Hundreds of thousands of young undocumented immigrants in the U.S. are currently on edge about the prospect of being deported now that the Trump Administration has decided to end the Obama program that allows undocumented immigrants who arrived in America as children to obtain work permits.

With news leaking Monday about the President’s intentions to end the Deferred Action for Child Arrivals program, many undocumented immigrants are awaiting their fate, which is expected to be announced at a briefing today by Attorney General Jeff Session.

More than 800,000 immigrants have benefited from DACA since it was launched 2012 via Executive Action from President Barack Obama. Under DACA, undocumented immigrants can receive work permits and protection against deportation for two years, with the possibility of renewal. Qualified applicants must have entered the U.S. before age 16, and have lived in the country since 2007.

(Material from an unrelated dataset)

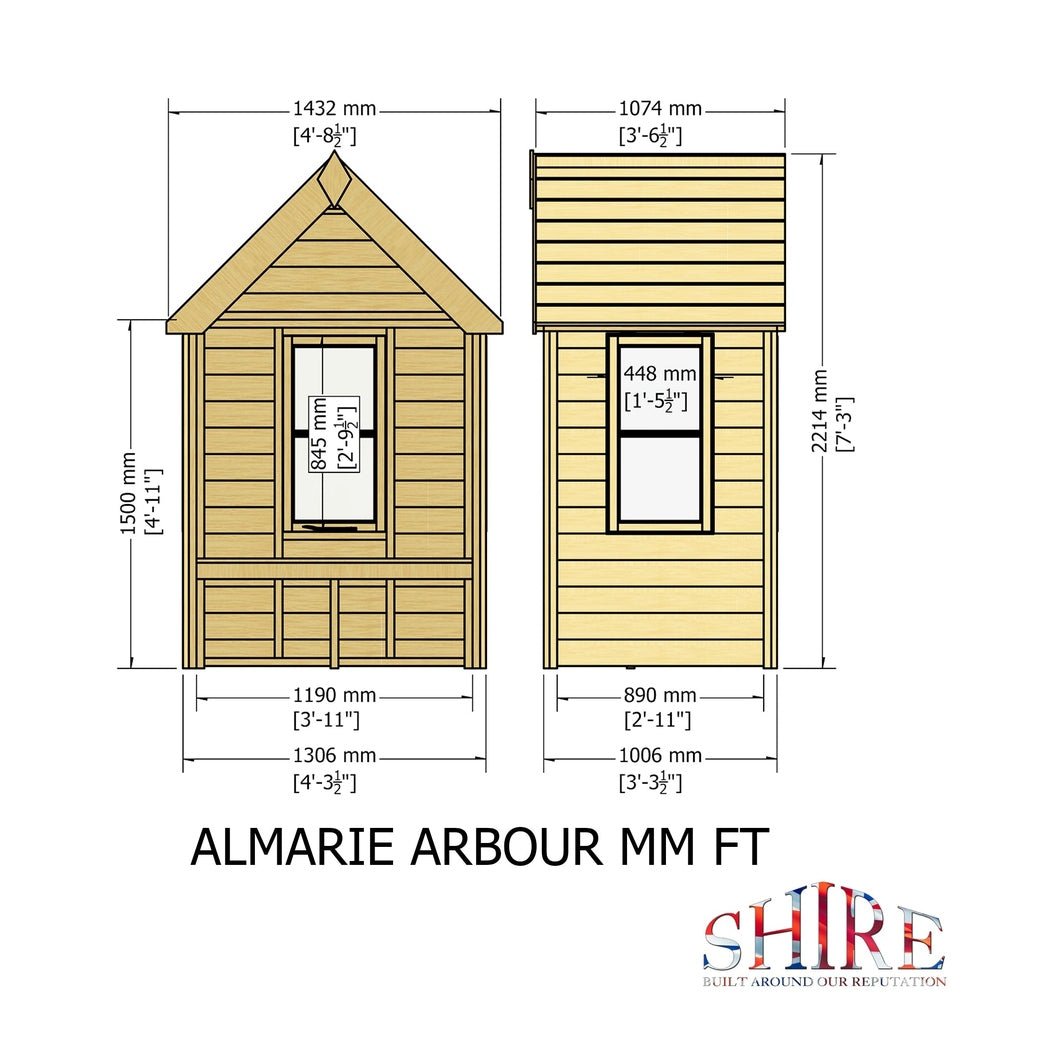 Shire Almarie Arbour Pressure Treated 4 x 3ft - JJ Building Materials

Trump has reportedly wrestled with the decision of whether or not to end the program. On one hand, he is seeking to appeal to his base, which has supported the President’s anti-immigration agenda. On the other, he was feeling pressure from Congress, including many Republicans to continue the program, which they say has significant economic implications.

No one knows for sure what the President truly feels about DACA. In interviews given before he announced his candidacy for President, Trump expressed his support for the program. However, on the campaign trail, the DACA program was one of his favorite targets.

After all, the DACA announcement was brought on by the threat of a lawsuit by 10 attorney generals in conservative states, and not because the President sought to clarify his position on the program.

Political analysts expect the Trump administration to announce a six-month delay in the end of the program to allow Congress to time to develop a legislative solution to the immigration issue.

For Dreamers, the six-month period is a crucial time, as the possibility of deportation from the only country many have ever known just became all the more real.